It became very clear to me that my current approach of googling tutorials, guides and solutions is a wildly inadequate approach to learn Maven.  Mainly because all of those are either far too basic for "real life" projects, or because they assume prior knowledge that I don't yet have.

So, I am looking to buy a good book to methodically learn all I need about Maven.

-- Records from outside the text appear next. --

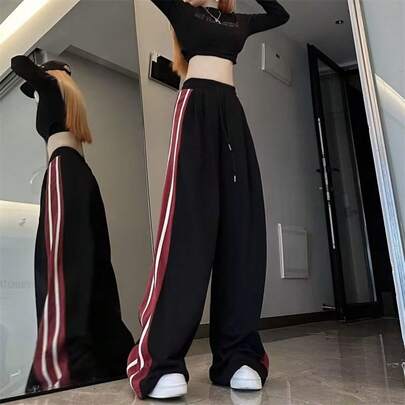 レディース スウェットパンツ トラックパンツ ラインパンツ ワイドパンツ ジャージ イージーパンツ カジュアルパンツ ロングパンツ ボトムス サイドライン ライン入り バイカラー 配色 ハイウエスト ウエストゴム ドロスト 美脚 脚長効果 体型カバー 着痩せ ゆったり 楽...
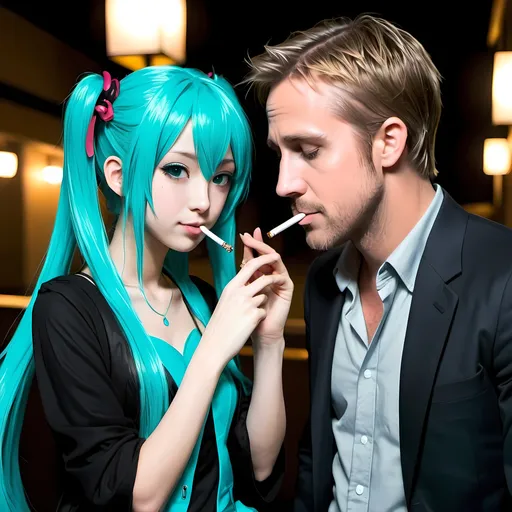 Prompt: hatsune miku and ryan gosling smoking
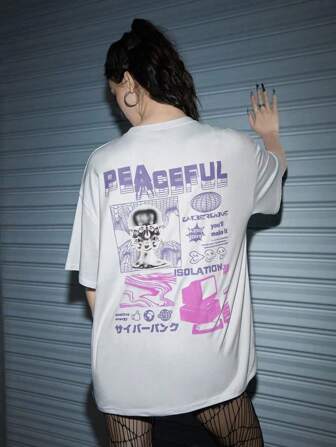 Grunge Punk Camiseta de hombros caídos con estampado de figura y slogan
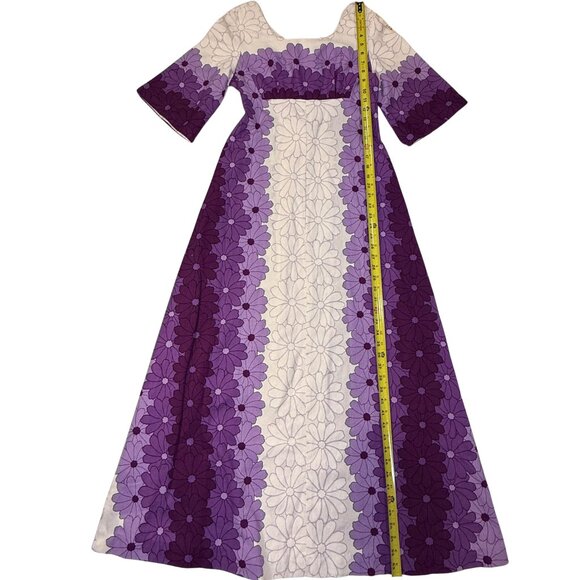 Vintage Empire Waist Floral Maxi Dress with Bell Sleeves | Women's 4 | Ui-Maikai - Picture 5 of 8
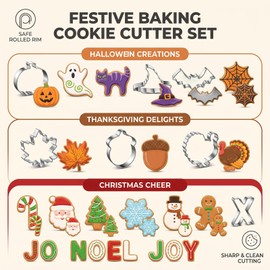 15 Pcs Thanksgiving Halloween Holiday Stainless Steel Cookie Cutters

Because of how I learn best I would like to find a book that uses the following as its presentation approach:

 * It must be gradual, starting from the assumption that I know nothing
   and only learn what is taught in the book.
 * New concepts must include sample code that I can type and test,
   either complete code or as an extension to a previous example. 
   Absolutely no "loose snippets" that assume prior knowledge (for
   example this is what makes most formal Spring documentation
   completely useless to me, as I often can't follow it to a complete
   functioning solution, and I had similar but not as severe issues
   with the formal Apache Maven documentation).
 * The end of each chapter must have exercises that I can code and run
   to test my understanding, with the ability to download the solution
   from a website in those cases when my code fails to function correctly.
 * Not essential but it would be ideal if the book was available in
   electronic form and readable through an ebook reader that functions
   on a Microsoft Surface tablet (Windows 10/11) and remembers the last
   page I read (even better if position syncs between the tablet and my
   desktop so that I can continue reading on either).

If _you learned Maven from a book that matches at least the first 3 criteria_, please recommend it.  I'd greatly appreciate it.